Whens this ham then?
how many of these things are in a year?
and erm.. so it isnt always in germany then??


----------



## Rainwater (Apr 18, 2007)

Hamm is a place in germany, the show is called the ''hamm show'' because its in the town of hamm lol...

theres 2 a year...one early year, one towards the end

the last one was in march, this next one is on sept 15th!!

n im well excited lol x


----------



## tarantulabarn (Apr 21, 2005)

and one in december


----------



## Rainwater (Apr 18, 2007)

tarantulabarn said:


> and one in december


whoaaaaaaaaa theres one in december this year too?!


----------



## cornmorphs (Jan 28, 2005)

yeah, 3 a year


----------



## Rainwater (Apr 18, 2007)

omg wait til i tell danos...looks like im going twice this year...hehe any excuse!


----------



## cornmorphs (Jan 28, 2005)

lol, yeah i know.. its too good not to go


----------



## Rainwater (Apr 18, 2007)

ah im so excited seriously..soooooooooooo excited!! have you been to any other international ones??


----------



## cornmorphs (Jan 28, 2005)

i havent,but the houten one is supposed to be good.. they have a day for snakes and a seperate day for lizards.. so not as many people.


----------



## Rainwater (Apr 18, 2007)

ahh thats a good idea...does hamm get really busy then?


----------



## cornmorphs (Jan 28, 2005)

its like a football riot, but it takes 4 hours to start (from outside) and 6 hours more to finish.. be brave and push hard lol


----------



## Rainwater (Apr 18, 2007)

omdz...we really have to wait that long? doesnt everythin sellout? so what time do people start queuing?


----------



## Tops (Apr 26, 2007)

I think i would like to go.
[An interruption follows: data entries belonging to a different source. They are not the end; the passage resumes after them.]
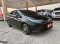 TOYOTA YARIS ATIV 1.2 SPORT CVT A/T 2021*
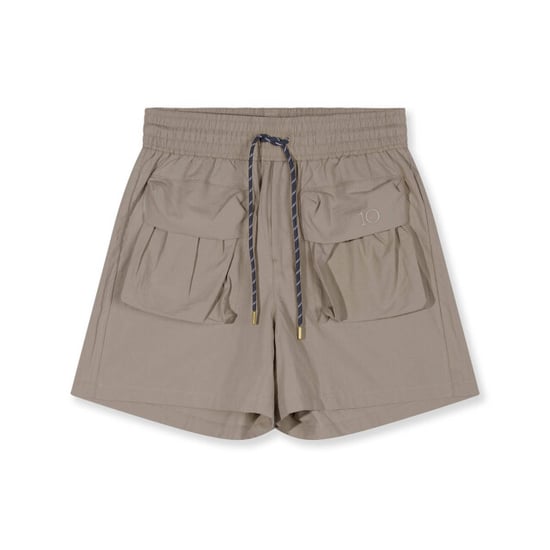 10 Days Bermuda/short 20-203-6203 - Image 3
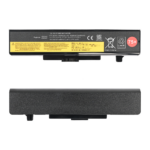 Baterija za Lenovo G480 E560 G485 G580 G585 10.8V 4400mAh - Slika 2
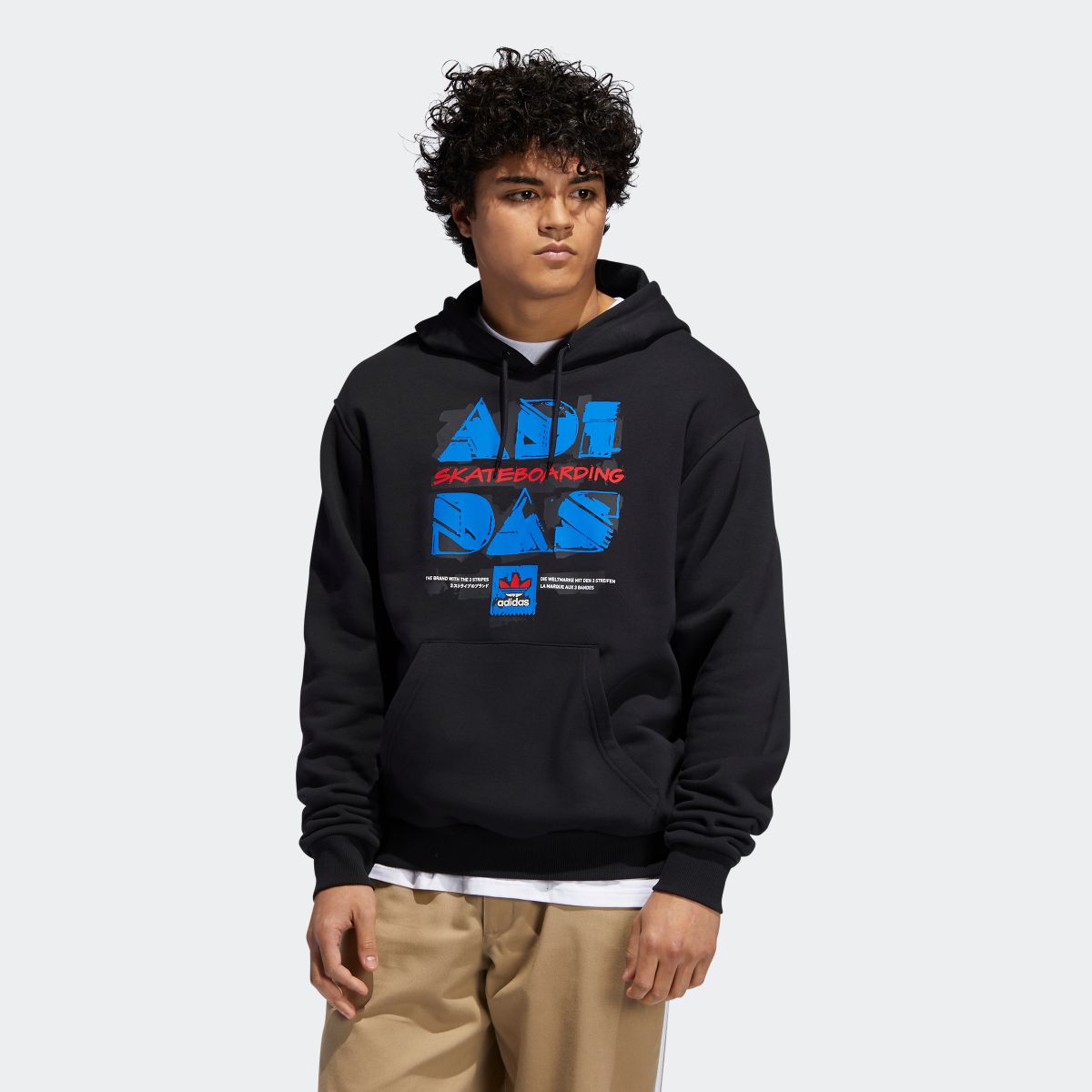 adidas fleece men adidas fleece men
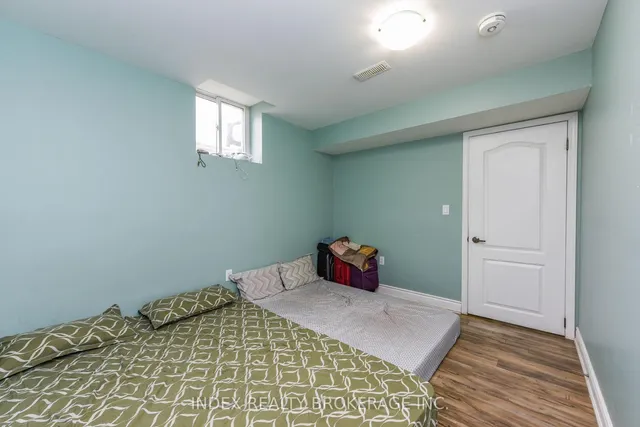 Additional image 39 of 18 Drinkwater Rd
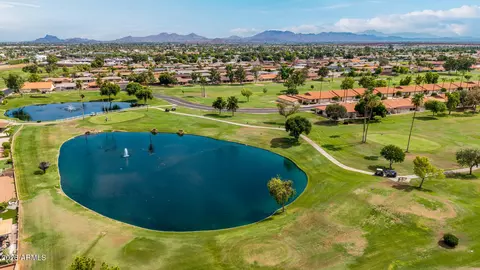 View/Area - 7803 E Kiowa Ave, Mesa, AZ 85209 photo 9 of 9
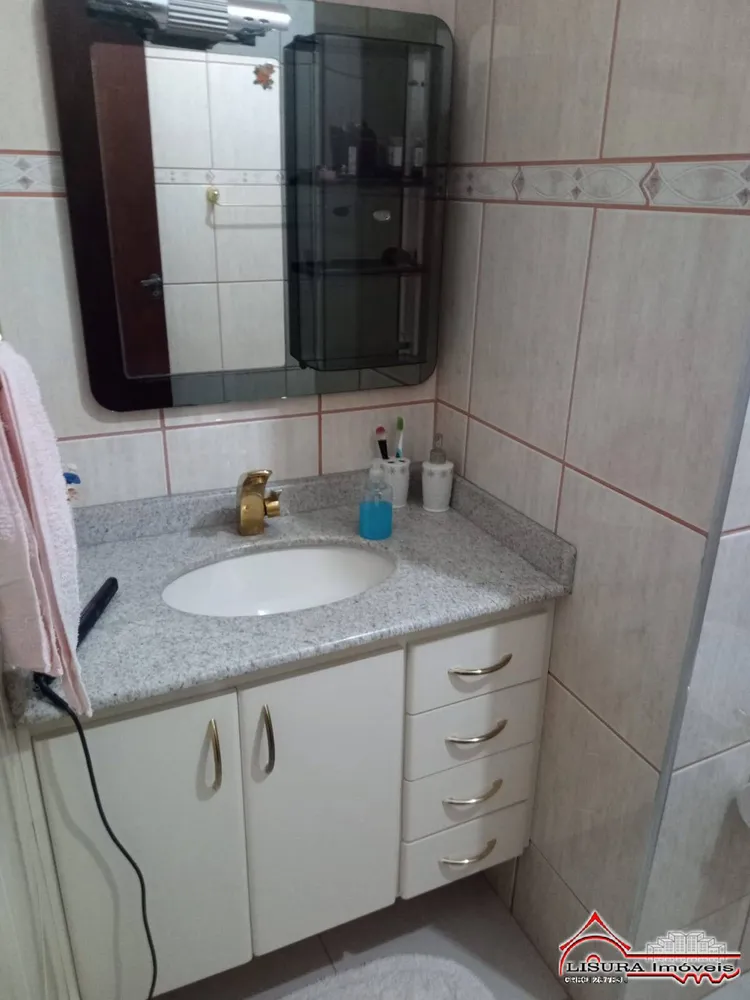 Casa, 3 quartos, 173 m² - Foto 9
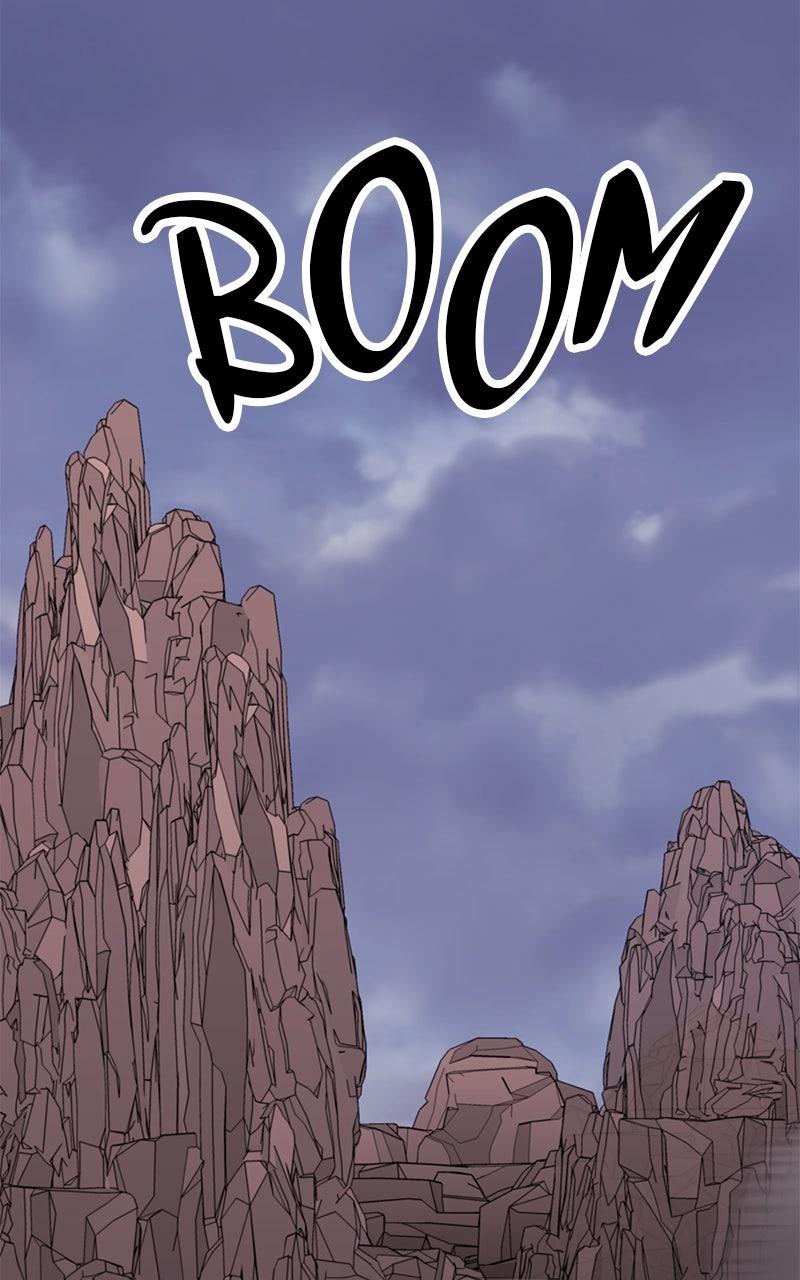 Limit Breaker Chap 184 - Next Chap 185
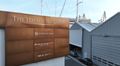 Sanlorenzo Backs Consortium Offer to Acquire The Italian Sea Group Business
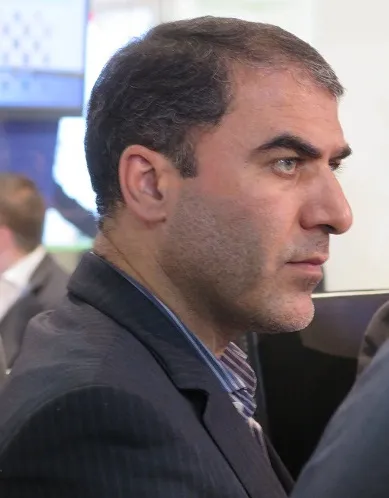 زمان بازگشایی نماد پالایشی ها/ رأساً از حساب بانکی شرکتهاسود سهام را برداشت می کنیم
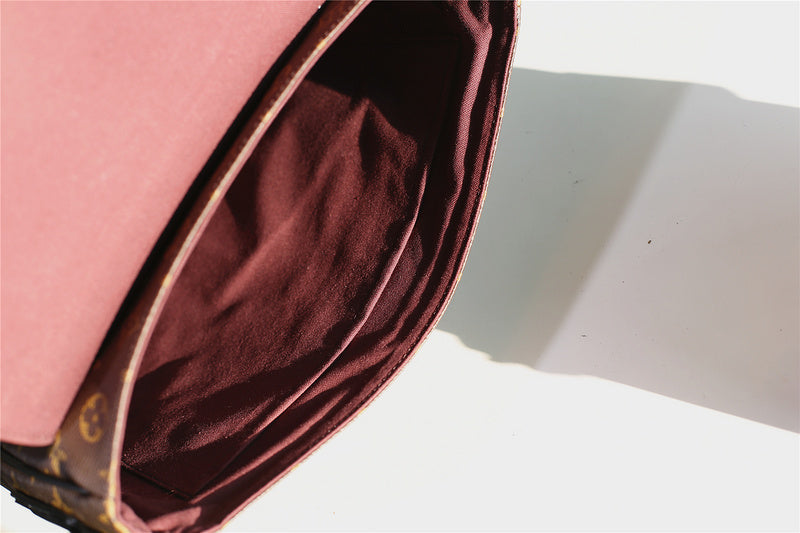 Alice bags - Louis Vuittons  - 10413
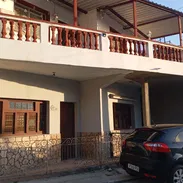 Se vende esta casa - Img 55507016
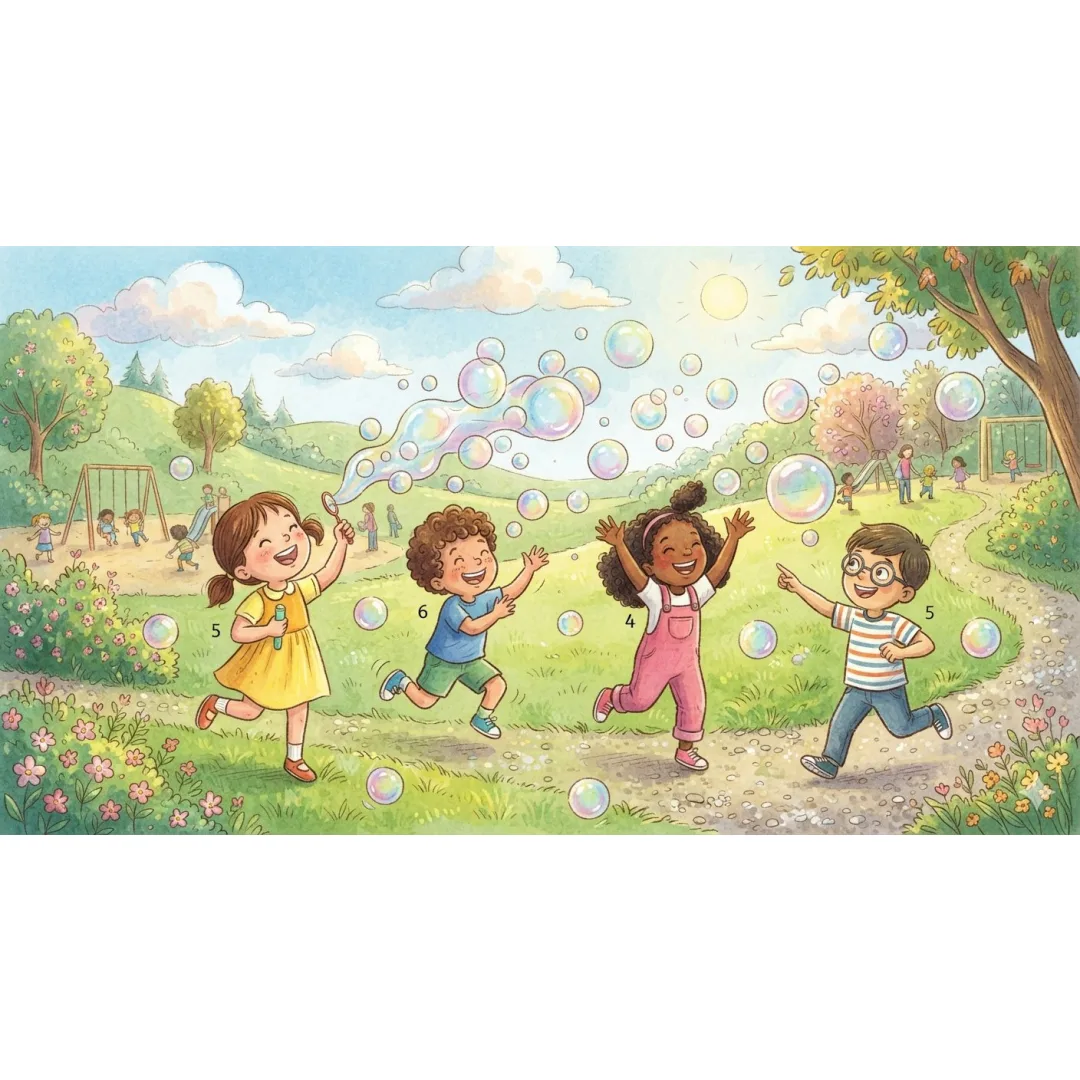 KIT EDUCAÇÃO INFANTIL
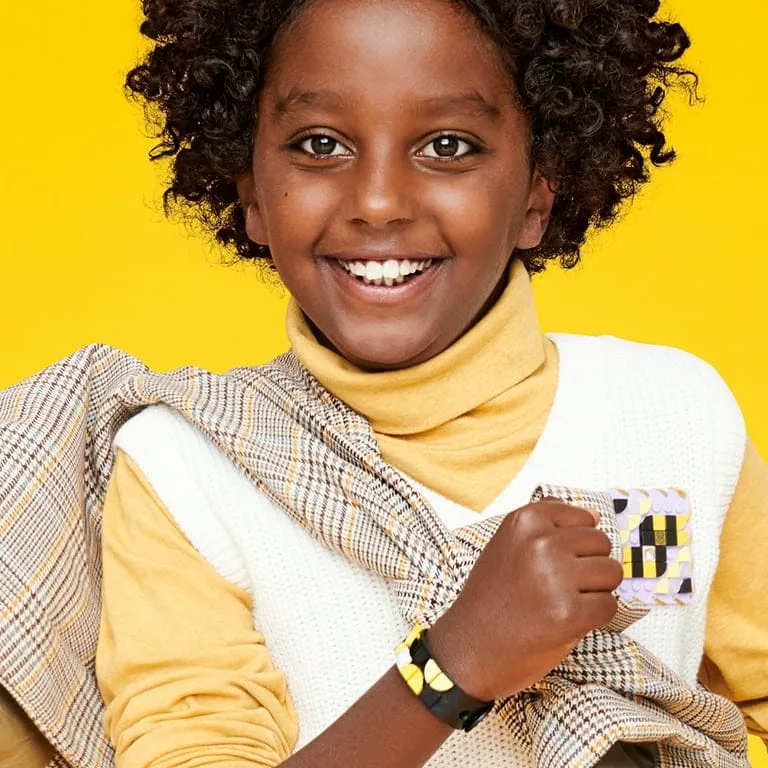 lego dots hogwarts accessories pack 41808, harry potter themed jewelry making kit with bracelet, 2 bag tags and stich on patch, diy craft toy set for kids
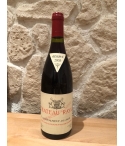 Château Rayas 2003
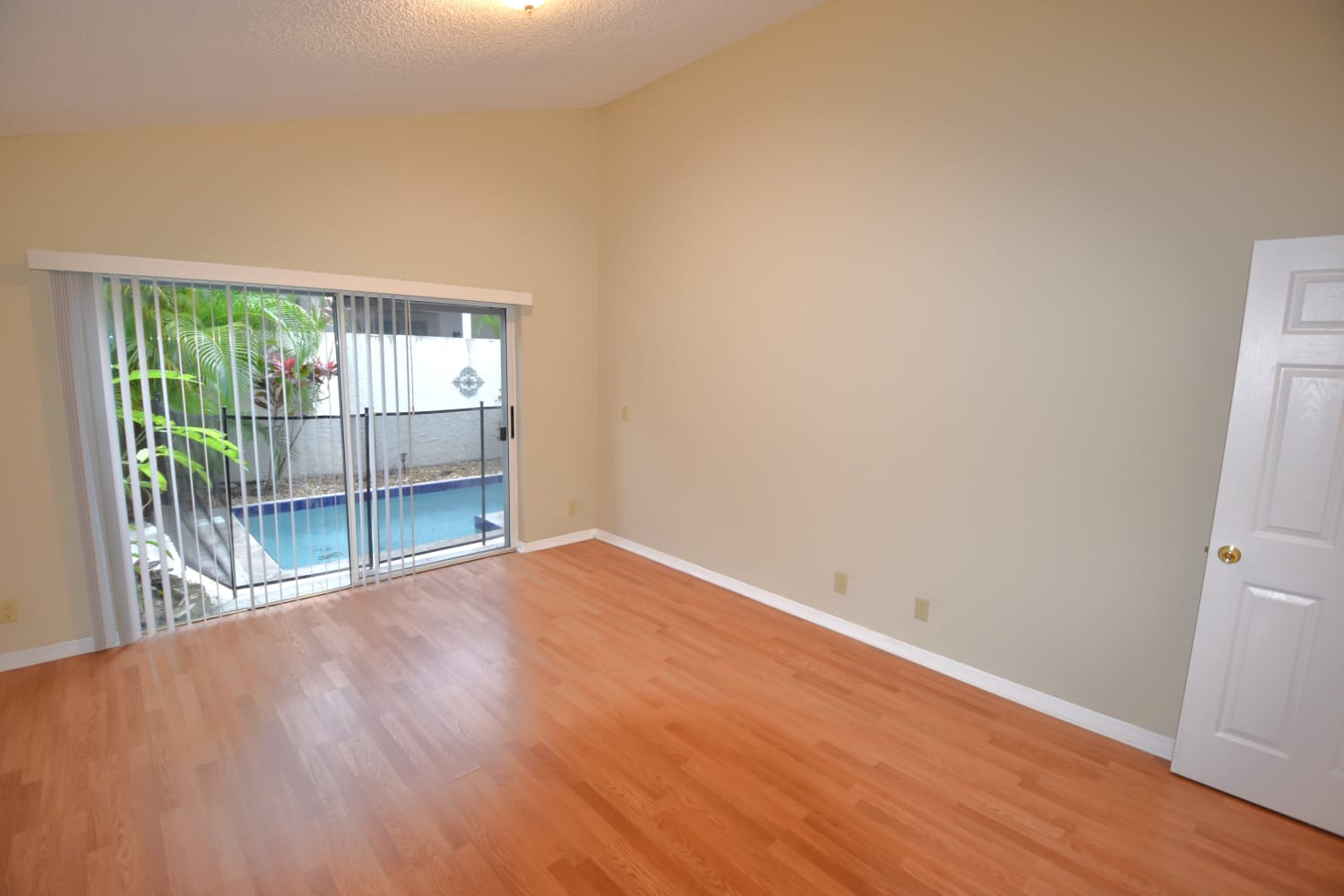 10 Blenheim Ct, Palm Beach Gardens photo 9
Sounds like its gonna be good


----------



## cornmorphs (Jan 28, 2005)

we started at 6 last time.. but its horrible.. make sure you arent claustrophibic or need a piss lol


----------



## Rainwater (Apr 18, 2007)

u should come then!! 70 quid is a bargain


----------



## Rainwater (Apr 18, 2007)

cornmorphs said:


> we started at 6 last time.. but its horrible.. make sure you arent claustrophibic or need a piss lol


lmaooooooo ill take a bottle lol jk...ah well suppose it adds to the fun!


----------



## cornmorphs (Jan 28, 2005)

dont get me wrong its a great day out


----------



## Tops (Apr 26, 2007)

nah i dont go anywhere that i dont know anyone on my own. I dont know anyone who likes reptiles who could come with me

Edit: That doesnt mean I sit in on my own all the time. I just mean larger things.... I can go shopping ok :lol:


----------



## Rainwater (Apr 18, 2007)

come with us tops!!


----------



## Tops (Apr 26, 2007)

as much as its fun talking to you, i dont know if youve noticed but we dont actually know each other.
I could probably walk up and slap u in the street and you wouldnt be any the wiser (probably give me a kicking but wouldnt know who i was)


----------



## Rainwater (Apr 18, 2007)

lmao true...ah well...dnt go alone (ive heard theres hairy pits in germany)


----------



## DeanThorpe (Apr 9, 2006)

Hey Tops... Meetin ppl is a great way to get to know them.. although im also shy and find a first meet where theres no sex/dating/drinking involved pretty scary.


----------



## Tops (Apr 26, 2007)

babygyalsw2 said:


> ive heard theres hairy pits in germany


Its a real phobia!


----------



## Rainwater (Apr 18, 2007)

lol...theres so much deodorant in the world, b.o. shouldnt be a problem!!


----------



## DeanThorpe (Apr 9, 2006)

Tops said:


> as much as its fun talking to you, i dont know if youve noticed but we dont actually know each other.
> I could probably walk up and slap u in the street and you wouldnt be any the wiser (probably give me a kicking but wouldnt know who i was)





babygyalsw2 said:


> Hamm is a place in germany, the show is called the ''hamm show'' because its in the town of hamm lol...
> 
> theres 2 a year...one early year, one towards the end
> 
> ...


ah ok.. i did actually honestly think that... but I thought I heards [saw typed] that it was in the uk.. and for soem reason i just noticed the thread today so thought it was like this comin week..and got blummmin confused.
Sweet, well im not allowed to leave the country lol


----------



## Tops (Apr 26, 2007)

DeanThorpe said:


> Sweet, well im not allowed to leave the country lol


yeah, prison does that

Do we need passports to go to Hamm. I dont remember as its inside EU.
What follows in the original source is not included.